The loss functions for the generator and discriminator are defined as follows:

# this method returns a helper function to compute cross entropy loss:
cross_entropy = tf.keras.losses.BinaryCrossentropy(from_logits=True)

# discriminator loss:
def discriminator_loss(real_output, fake_output):
    real_loss = cross_entropy(tf.ones_like(real_output), real_output)
    fake_loss = cross_entropy(tf.zeros_like(fake_output), fake_output)
    total_loss = real_loss + fake_loss
    return total_loss

# generator loss:
def generator_loss(fake_output):
    return cross_entropy(tf.ones_like(fake_output), fake_output)

We use cross-entropy loss for both the generator and discriminator.
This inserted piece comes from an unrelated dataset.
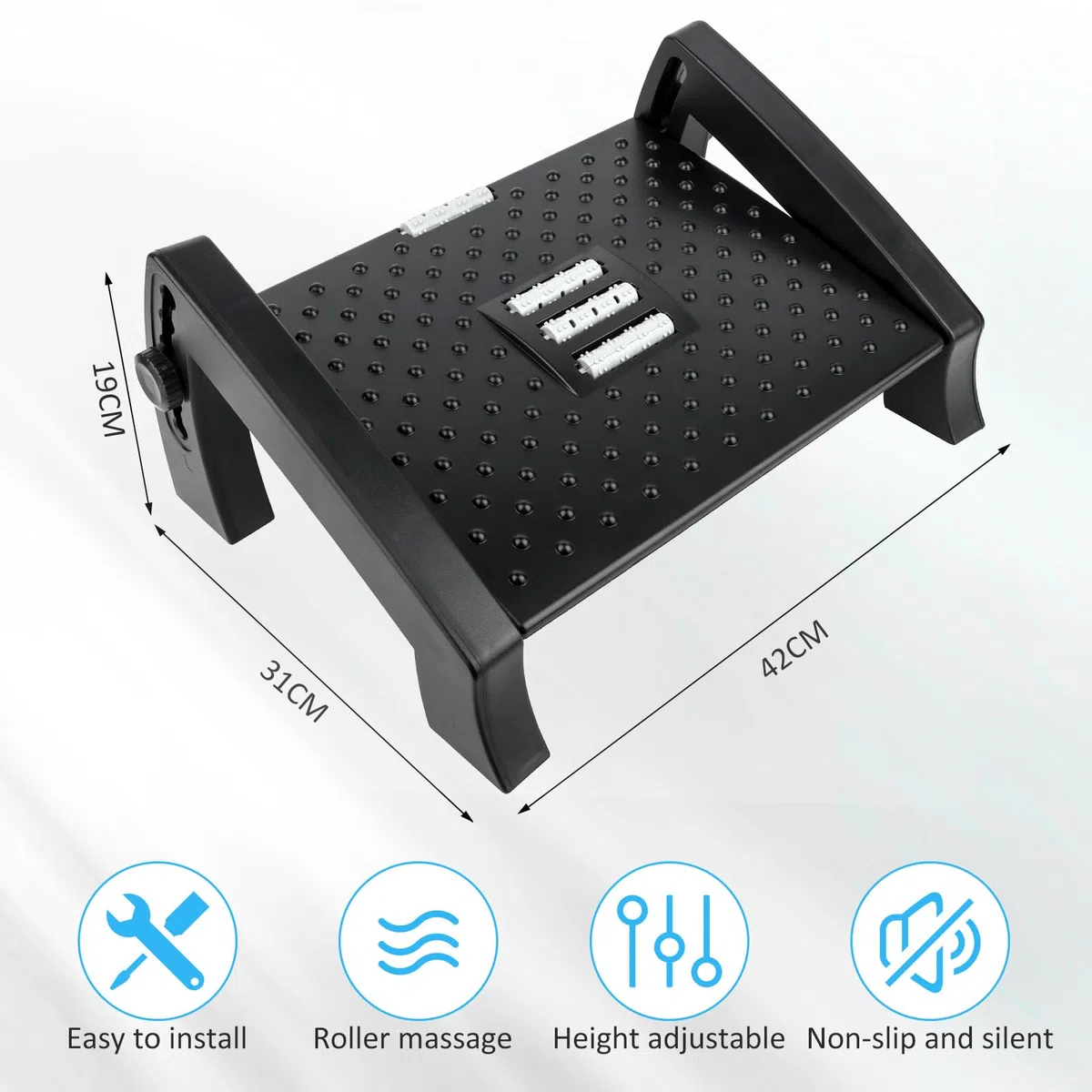 VFANDV Reposapies de Oficina, Reposa pies Reposa pies Reposapies Escritorio Reposapiés Ajustable en 6 Niveles, Reposapiés Ergonómico para Oficina, Hogar, Viajes, Negro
The discriminator loss function compares the discriminator’s predictions on real images to an array of 1s, and the discriminator’s predictions on fake (generated) images to an array of 0s. The generator loss function compares the discriminator’s predictions on fake images to an array of 1s.

As optimizer, we use the Adam optimizer with a learning rate of 0.0001:

generator_optimizer = tf.keras.optimizers.Adam(1e-4)
discriminator_optimizer = tf.keras.optimizers.Adam(1e-4)

# save checkpoints:
checkpoint_dir = './training_checkpoints'
checkpoint_prefix = os.path.join(checkpoint_dir, "ckpt")
checkpoint = tf.train.Checkpoint(generator_optimizer=generator_optimizer,
                                 discriminator_optimizer=discriminator_optimizer,
                                 generator=generator,
                                 discriminator=discriminator)
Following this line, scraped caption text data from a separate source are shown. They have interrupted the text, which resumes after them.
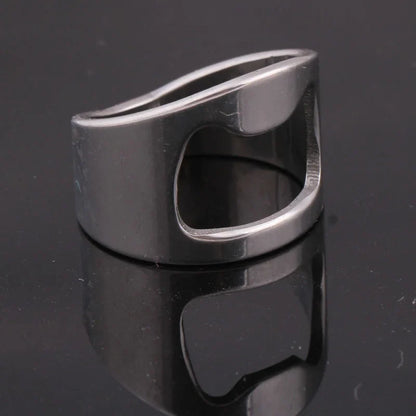 Stainless Steel Bottle Opener Ring - Finger Ring Corkscrew for Beer Cans - Cool Bar and Kitchen Gadget Gift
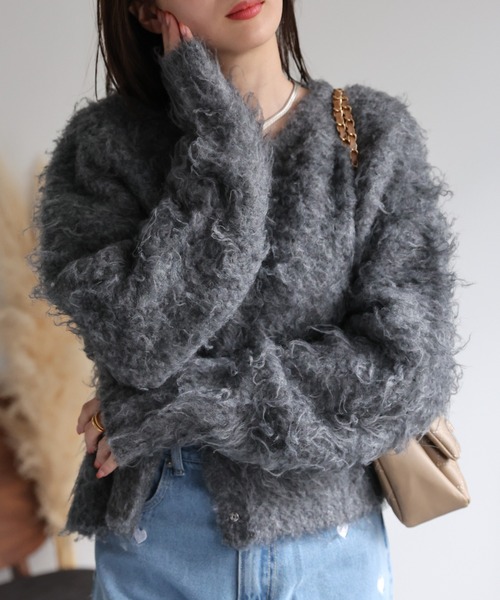 【セール】＜ふわふわ＞ミックスシャギー ショート丈カーディガン/カーデ/秋冬（カーディガン/ボレロ）｜sakishimatokyo（サキシマトーキョー）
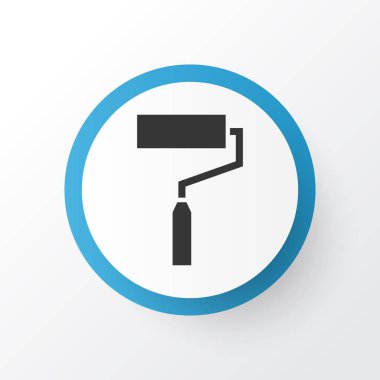 Rulo fırça simgesi simgesi. Premium Kalite izole boya öğe Trendy tarzı.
The main training loop is defined as follows:

noise_dim = 100
num_examples_to_generate = 16
seed = tf.random.normal([num_examples_to_generate, noise_dim])

gen_losses = []
disc_losses = []
avg_gen_losses_per_epoch = []
avg_disc_losses_per_epoch = []

# This annotation causes the function to be "compiled".
@tf.function
def train_step(images):
    noise = tf.random.normal([BATCH_SIZE, noise_dim])

    with tf.GradientTape() as gen_tape, tf.GradientTape() as disc_tape:
      generated_images = generator(noise, training=True)

      real_output = discriminator(images, training=True)
      fake_output = discriminator(generated_images, training=True)

      gen_loss = generator_loss(fake_output)
      disc_loss = discriminator_loss(real_output, fake_output)

    gradients_of_generator = gen_tape.gradient(gen_loss, generator.trainable_variables)
    gradients_of_discriminator = disc_tape.gradient(disc_loss, discriminator.trainable_variables)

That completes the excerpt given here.